Saturday, September 26, 2009

Tricky Tricky Tricky

I was reading a blogpost by the great and wonderful and wise Ta'Nehisi Coates over at Atlantic and in the course of writing about something else he had this great line about how all his black friends have loads of white friends and all his white friends have one black friend. Outside of just being kind of witty, I thought how true it was.

Think about when you're watching some mainstream sitcom on the TV, it's not at all unusual to have one black guy hanging out with a bunch of white people, but how often is it the opposite? I mean, it struck me watching Pysch last night (shut up, I love that show and both those boys are super cute), that Shawn has been the lone white guy with Gus's friends and family on a few occasions. And it's notable, I think, that this struck me as something unusual.

So, I'm a white lady and can only extrapolate, but I imagine it can be a total drag to be the one black friend. I mean, how often do you get called upon to arbitrate: "racism sucks, but I'm cool, right?" One of the many cool things about having Barack Obama as our president, is that he flat out refuses to be that guy. You say to him "racism is everywhere! but I'm cool right?" And he says "Um, yeah, so, how 'bout them Sox?" In other words, "I am not Morgan Freeman in any of those movies. Work it out yourself."

So, in the interest of working it out let's take a look at a couple of virals and you can tell me if I'm right or if I'm cuckoo for cocoa puffs or not. Actually, these things may not be mutually exclusive, but still.

Viral One:

As soon as I'm off the phone with a great deal of my customers I'm prone to turning to a colleague, cussing a blue streak and gesticulating wildly. But I doubt a youtube of me doing that would ever go viral.

How about if we switch it up and look at this:

Now, let's swap out the race there and does this still seem like the a hilarious, joyful way to kick off a wedding? Or would it then be, you know, "ghetto?"
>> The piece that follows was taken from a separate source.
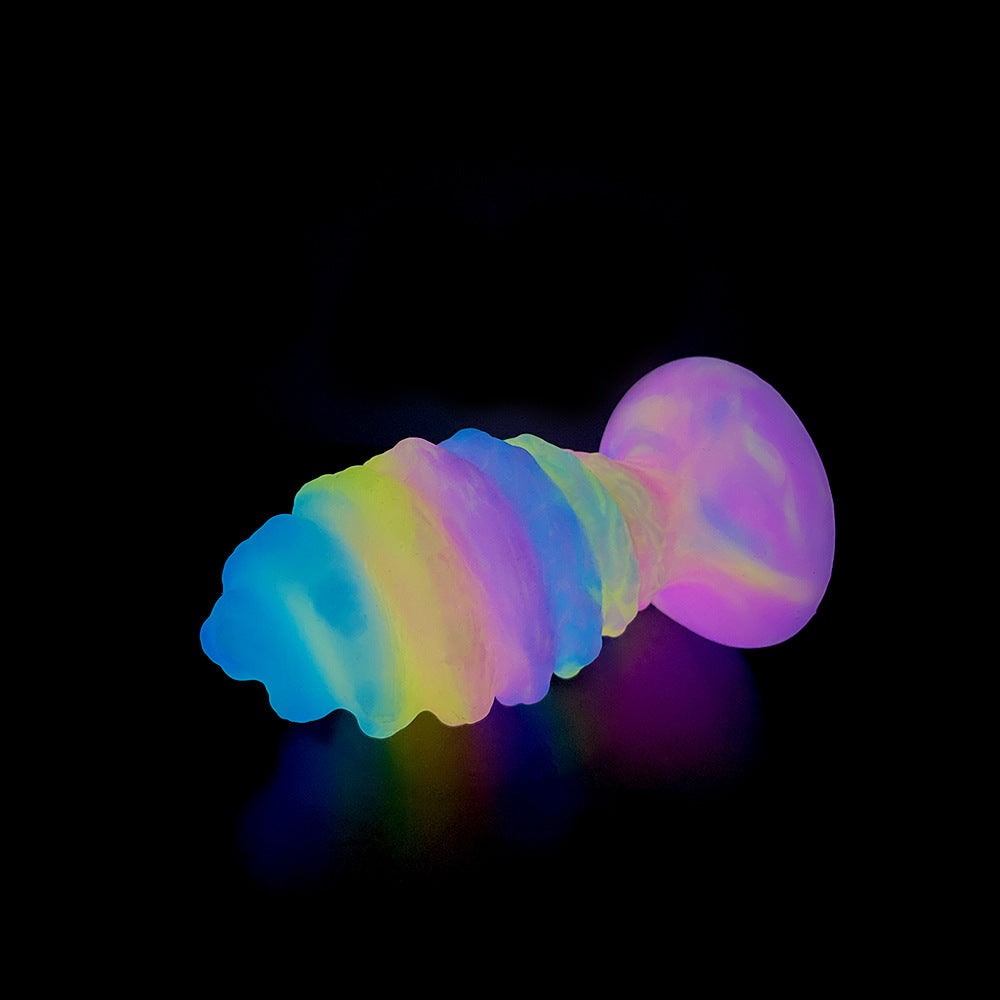 Luminous Conch Anal Dildo Butt Plug - Colorful Sprial Monsterdildo Vaginal Prostate Massager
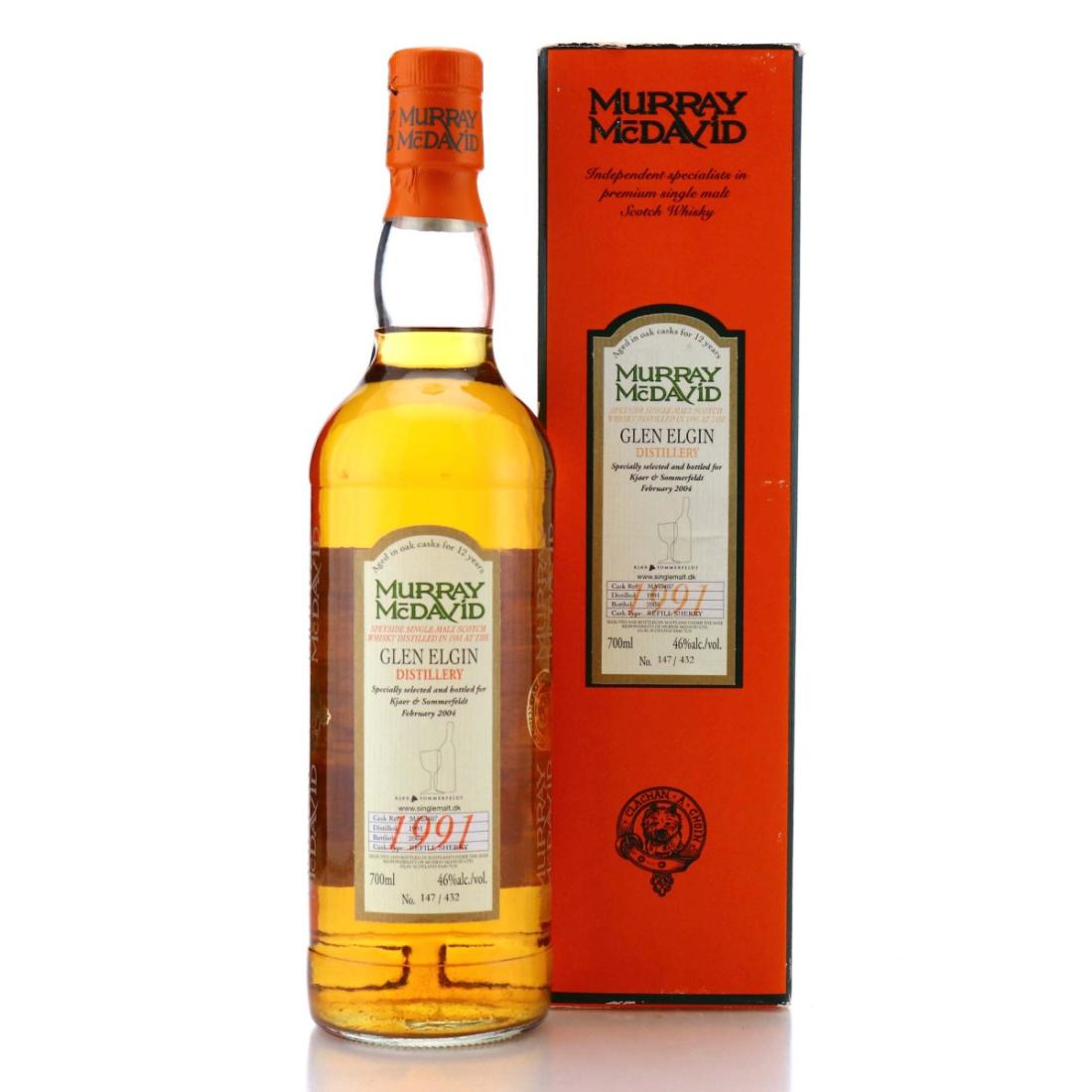Glen Elgin 12 Year Old, Refill Sherry Cask, 1991, Murray McDavid, 46% whisky bottle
In a phrase, I'm not saying, I'm just sayin...

Wednesday, September 9, 2009

Where's Brooke?

So, I published the first damn chapter. I hate it. Of course. I'm going to move it and keep my beloved Shouting Down the Well for shouting down the well.

If you want to follow what's happening with Brooke (and, it's quite a tale... I can say that without fear of hubris since I stole it all from George Eliot and I think we can all agree that she was really really good... unless, of course, your only experience with George Eliot was being forced to read Silas Marner in 8th grade which probably means that you disagree with me that George Eliot was really really good, but you're wrong. She was), go here.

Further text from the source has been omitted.